円定期plus⁺ のステップアップ型の金利は10年目に近づくほど、かなり高水準に設定してあることが多いです。その金利水準がありえないとお考えの場合は、その金利が適用される前に当社が償還させるだろうと推測していることになりますので、実質10年未満の定期預金とみなせることにならないでしょうか。例えば6年目以降の金利はありえないと思えば、その人にとってはその預金は5年物定期預金とみなすことができます。「10年物は長くて・・・」とお悩みであれば、ステップアップ型の金利を確認して、自分にとっては実質何年物とみなせるのかを踏まえてご検討いただければと思います。ただしこの場合、償還されると予想した年以降の市場金利が予想に反して仕組み預金の金利より高くなり、償還されなかった場合は、市場金利よりも不利な条件で継続されることになりますので、その点はご留意ください。
理論的には9年目以降も価値がある?
円定期plus⁺ の繰り上げ償還の判断は、担当者の気まぐれや主観で行われるものではありません。金融工学的観点から価値があるかないかで判断しています。組成時においてもそうです。例えば9年後の1年金利が10%である確率を計算すると0にはなりません(*)。また10%までいかなくてもそこへ近づく過程で価値が増加するので、当社は途中でその価値を市場で転売することもできます。理論的には仕組み預金の価値を0とはみなしていないです(今のところその価値は限りなく小さいですが)。

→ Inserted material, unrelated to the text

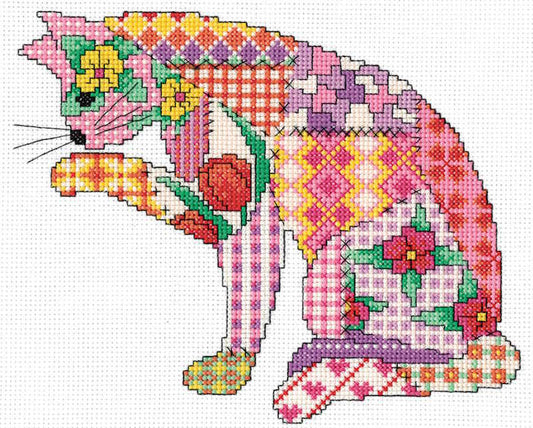 Patchwork Cat Cross Stitch Kit by Heritage Crafts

(*)スワップションというプロのマーケットで売買される商品で理論的価値を計算した場合です。
最終回をかなりの高水準にするにはリスクがある?
ただ5%、10%などの高金利を提示すればするほど、組成者である当社での金利リスクコントロールは難しくなります。ちょっと専門的になってしまいますが、募集時は理論的には価値があっても、今後今以上に金利が上昇していかないと、その価値は年を追うごとに急速に消滅してしまうため、減少しないようにリスクコントロールする必要があります。
またお客さまの側でもリスクは当然残ります。仕組み預金の適用金利がいくら高くても、市場金利がその仕組み預金の金利より高くなってしまった場合には、中途解約できずに市場金利よりも不利な条件で預入継続せざるを得なくなってしまうリスクは引き続きありますし、逆に市場金利が仕組み預金の金利より低くなってしまった場合には、その高金利を享受できずに償還となってしまうリスクもあります。
他国の例や過去の事例、理論的な価格付けからはまったくありえない水準ともいえないことがおわかりいただけたのではないでしょうか。しかしながら現在の状況からすれば、やはり5%、10%という水準はありえないとお考えのかたもいるかもしれません。ですが、思い返してみてください。つい数年前までドル円は105円近辺でほとんど動かず、数年以内に50円も上昇するなんて当時はほとんど予想されていませんでしたが、足元では160円超をつけました。数年後、ましてや10年後などどうなっているかは誰にもわかりません。それでもここまでの高金利はありえないとお考えの場合は、償還時期を予想して、その年限までの定期預金と考えてのご検討はいかがでしょうか。
最後になりますが、円定期plus⁺ はお客さまから中途解約しなければ元本保証ですが、満期までの期間が長い商品でかつ、市場金利が仕組み預金の金利より高くなった場合でも、市場金利よりも不利な条件で継続されますし、中途解約時にはお客さまに損害金が発生し、元本割れする恐れがあります。ご検討いただけるかたは、余裕ある資金でのお申し込みをお願いします。